**Aim of the exercise:** Restate the full listing word for word and leave the pictures out.

++++++

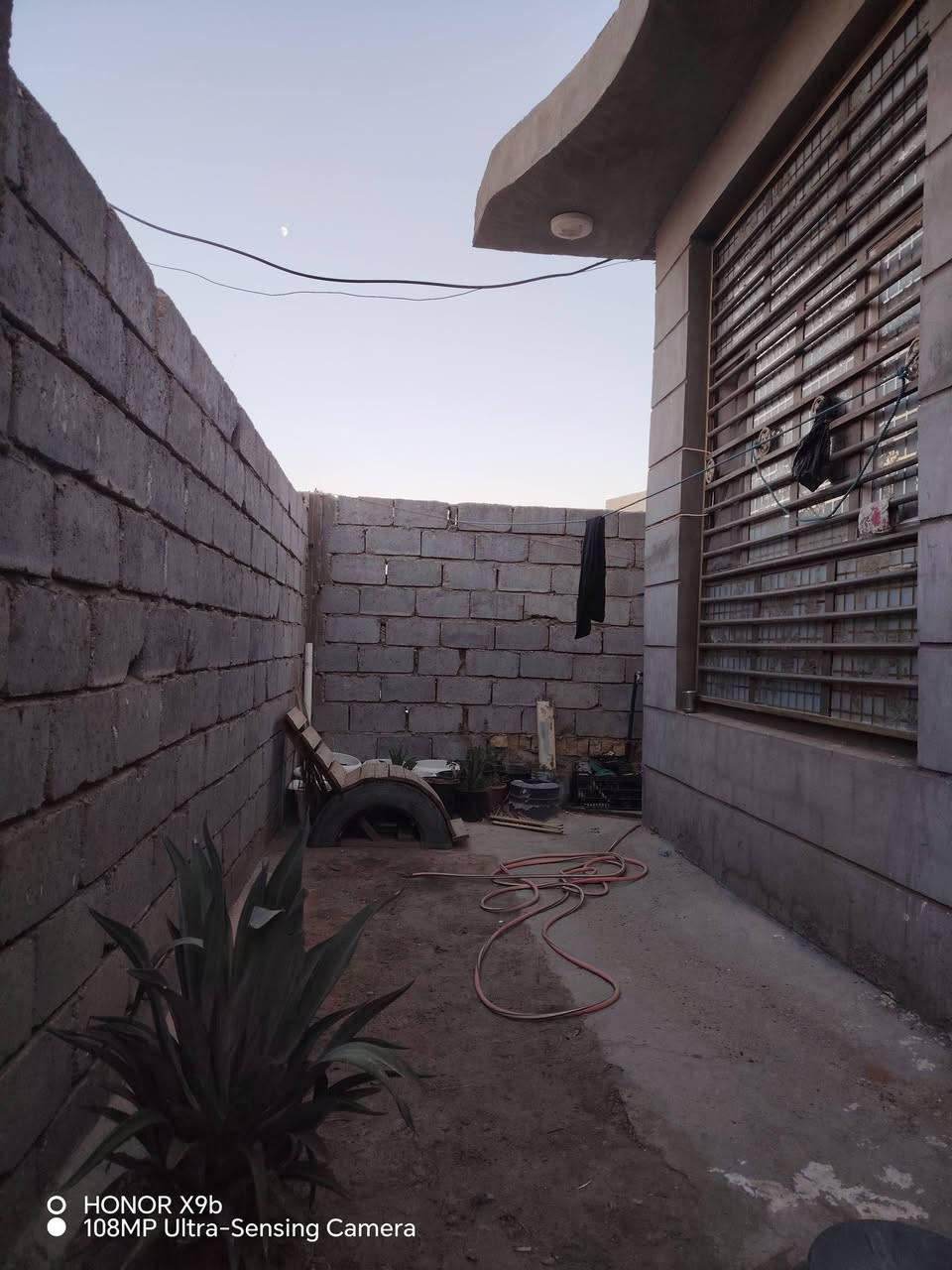 للبيع بيت مساحته 200 متر بناء حديث كلش نظيف.  يحتوي على غرفتين نوم وصالة  وكليدور ومجمع صحيات داخلي ومطبخ  وطارمه. 
كافة الخدمات يمه شتريد متوفر.

قريب جداً عن شارع عوفي الرئيسي قبل مدرسة موسى ابن جعفر /الانتفاضه الشعبانيه 

سعره 47 وبيه مجال للشراي 
***********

++++++

**Written response:**
 للبيع بيت مساحته 200 متر بناء حديث كلش نظيف.  يحتوي على غرفتين نوم وصالة  وكليدور ومجمع صحيات داخلي ومطبخ  وطارمه. 
كافة الخدمات يمه شتريد متوفر.

قريب جداً عن شارع عوفي الرئيسي قبل مدرسة موسى ابن جعفر /الانتفاضه الشعبانيه 

سعره 47 وبيه مجال للشراي 
***********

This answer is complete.